5.2 Upper Bound for \((\textsf {god}| \textsf {ua})\)-BoBW MPC in Plain Model

In this section, we present a 5-round \((\textsf {god}| \textsf {ua})\)-BoBW protocol in the plain model. For our construction, we resort to the compiler of [31] that transforms any generic \((k-1)\)-round delayed-semi-malicious MPC protocol to a k-round malicious MPC protocol for any \(k \ge 5\). Our 5-round construction comes in two steps: a) first, we show that our 3-round semi-malicious protocol \(\pi _\mathsf {bw.god.sm}\) (described in Sect. 5.1.1) is delayed-semi-maliciously secure (refer full version for proof) and then b) we plug in this 3-round BoBW protocol in a modified compiler of [31] that carries over the BoBW guarantees, while the original compiler works for security with abort. Our final 5-round compiled protocol faces several technical difficulties in the proof, brought forth mainly by the need to continue the simulation in case the protocol must result in \(\textsf {god}\), which needs deep and non-trivial redressals. The techniques we use to tackle the challenges in simulation are also useful in constructing a 4-round \((\textsf {god}| \textsf {ua})\)-BoBW protocol based on sub-exponentially secure trapdoor permutations and ZAPs. We give a sketch of this construction in the full version (built upon the protocol of [53]) as a step towards resolving the open question of proving the impossibility or alternately constructing a 4-round \((\textsf {god}| \textsf {ua})\)-BoBW protocol under polynomial-time assumptions.

5.2.1 The Compiler of [31]

Substituting \(k = 5\), we recall the relevant details of the compiler of [31] that transforms a 4-round delayed-semi-malicious protocol \(\phi _\mathsf {dsm}\) to a 5-round maliciously-secure protocol \(\pi \) achieving security with abort.

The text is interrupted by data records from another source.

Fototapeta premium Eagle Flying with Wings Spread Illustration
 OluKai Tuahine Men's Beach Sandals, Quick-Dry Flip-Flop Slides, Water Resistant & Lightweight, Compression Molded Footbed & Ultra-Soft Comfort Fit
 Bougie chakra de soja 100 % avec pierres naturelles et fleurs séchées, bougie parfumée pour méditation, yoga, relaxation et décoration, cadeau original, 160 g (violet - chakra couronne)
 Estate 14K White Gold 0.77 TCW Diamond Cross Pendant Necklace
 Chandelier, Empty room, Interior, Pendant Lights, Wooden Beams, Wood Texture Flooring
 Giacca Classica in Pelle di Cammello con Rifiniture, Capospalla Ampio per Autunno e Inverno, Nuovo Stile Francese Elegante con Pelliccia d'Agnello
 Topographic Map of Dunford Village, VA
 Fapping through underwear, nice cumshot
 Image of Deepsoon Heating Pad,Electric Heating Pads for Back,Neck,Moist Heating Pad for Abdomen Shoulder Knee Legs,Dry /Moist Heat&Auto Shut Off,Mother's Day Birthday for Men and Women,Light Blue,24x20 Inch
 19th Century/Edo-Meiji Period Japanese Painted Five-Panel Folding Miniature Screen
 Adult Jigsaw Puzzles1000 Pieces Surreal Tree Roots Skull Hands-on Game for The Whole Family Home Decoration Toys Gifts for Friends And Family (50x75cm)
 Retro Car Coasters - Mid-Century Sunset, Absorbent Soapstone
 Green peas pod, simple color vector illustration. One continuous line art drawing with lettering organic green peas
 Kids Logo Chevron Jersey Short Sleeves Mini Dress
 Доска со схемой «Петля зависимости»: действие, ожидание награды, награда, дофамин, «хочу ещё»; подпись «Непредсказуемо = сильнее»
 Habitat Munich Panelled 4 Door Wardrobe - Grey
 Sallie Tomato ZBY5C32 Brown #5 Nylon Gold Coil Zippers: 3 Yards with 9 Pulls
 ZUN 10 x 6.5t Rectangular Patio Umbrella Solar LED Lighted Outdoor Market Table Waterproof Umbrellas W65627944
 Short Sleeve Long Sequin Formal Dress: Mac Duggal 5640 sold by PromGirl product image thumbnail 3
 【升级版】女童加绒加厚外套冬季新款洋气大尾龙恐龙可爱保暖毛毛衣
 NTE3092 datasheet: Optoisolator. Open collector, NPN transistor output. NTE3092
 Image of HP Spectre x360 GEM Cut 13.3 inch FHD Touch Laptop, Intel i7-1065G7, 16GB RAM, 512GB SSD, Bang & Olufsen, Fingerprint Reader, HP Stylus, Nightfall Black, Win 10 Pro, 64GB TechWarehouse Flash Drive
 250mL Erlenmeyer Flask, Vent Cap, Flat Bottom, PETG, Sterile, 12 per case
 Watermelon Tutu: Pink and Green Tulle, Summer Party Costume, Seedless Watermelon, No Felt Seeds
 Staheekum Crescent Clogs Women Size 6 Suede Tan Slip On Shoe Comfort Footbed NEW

The tools used in this compiler appears in Fig. 1. Each party commits to her input and randomness using a 2-round statistically binding commitment scheme \(\mathsf {Com} \) in the first two rounds. The four rounds of the delayed-semi-malicious protocol \(\phi _\mathsf {dsm}\) are run as it is in Round 1, 2, 4 and 5 respectively (Round 3 is skipped) with two additional sets of public-coin delayed-input witness indistinguishable proofs \((\mathsf {WI})\). The first set of proofs (\(\mathsf {WI}^1\)) which is completed by Round 4, is associated with the first 3 rounds of \(\phi _\mathsf {dsm}\). In addition to proving honest behaviour in these rounds, this set of proofs enables the simulator of the malicious protocol to extract the inputs of the corrupt parties, in order to appropriately emulate the adversary for the delayed-semi-malicious simulator in the last but one round. The second set of proofs (\(\mathsf {WI}^2\)) which is completed by Round 5, is associated with proving honest behaviour in all rounds of \(\phi _\mathsf {dsm}\). To enable the simulator to pass the \(\mathsf {WI}\) proofs without the knowledge of the inputs of the honest parties, it is endowed with a cheat route (facilitated by the cheating statement of the \(\mathsf {WI}\) proof, while the honest statement involves proving honest behaviour wrt inputs committed via \(\mathsf {Com} \)) which requires the knowledge of the trapdoor of the corrupt parties; which the simulator can obtain by rewinding the last 2 rounds of a trapdoor-generation protocol (\(\mathsf {Trap}\)) run in the first 3 rounds of the final construction. To enable this cheat route of the simulator, the compiler has an additional component, namely 4-round non-malleable commitment \(\mathsf {NMCom}\) run in Rounds 1–4. We refer to the full version for further details of the compiler.

Fig. 1.
figure 1

Tools used in the compiler of [31]

Full size image

Next, we give an overview of the simulator \(\mathcal {S}\) (details appear in [31]) for the 5-round compiled protocol \(\pi \) that uses the simulator \(\mathcal {S}_\phi \) of the underlying 4-round protocol \(\phi _\mathsf {dsm}\). To emulate the ideal-world adversary corrupting parties in set \(\mathcal {C}\), \(\mathcal {S}\) invokes the malicious adversary \(\mathcal {A} _\pi \) and simulates a real execution of \(\pi \) for \(\mathcal {A} _\pi \) by acting on behalf of the honest parties in set \(\mathcal {H}\). Recall that the delayed-semi-malicious security of \(\phi _\mathsf {dsm}\) guarantees that it is secure against an adversary \(\mathcal {A} _\phi \) who can choose to behave arbitrarily in the protocol as long as it writes a valid witness (which consists of an input randomness pair \((\{x_i,r_i\}_{i \in \mathcal {C}})\) on behalf of all corrupt parties) on the witness tape of the simulator \(\mathcal {S}_\phi \) in the penultimate round such that the witness (xr) can justify all the messages sent by him. In order to avail the services of \(\mathcal {S}_\phi \), \(\mathcal {S}\) needs to transform the malicious adversary \(\mathcal {A} _\pi \) to a delayed-semi-malicious adversary \(\mathcal {A} _\phi \) i.e. it needs a mechanism to write (xr) on the witness tape of \(\mathcal {S}_\phi \). This is enabled via extraction of witness i.e. \(\{x_i,r_i\}_{i \in \mathcal {C}}\) from the \(\mathsf {WI}^1\) proofs sent by \(\mathcal {A}_\pi \) as the prover via rewinding its last two rounds (Round 3, 4 of \(\pi \)).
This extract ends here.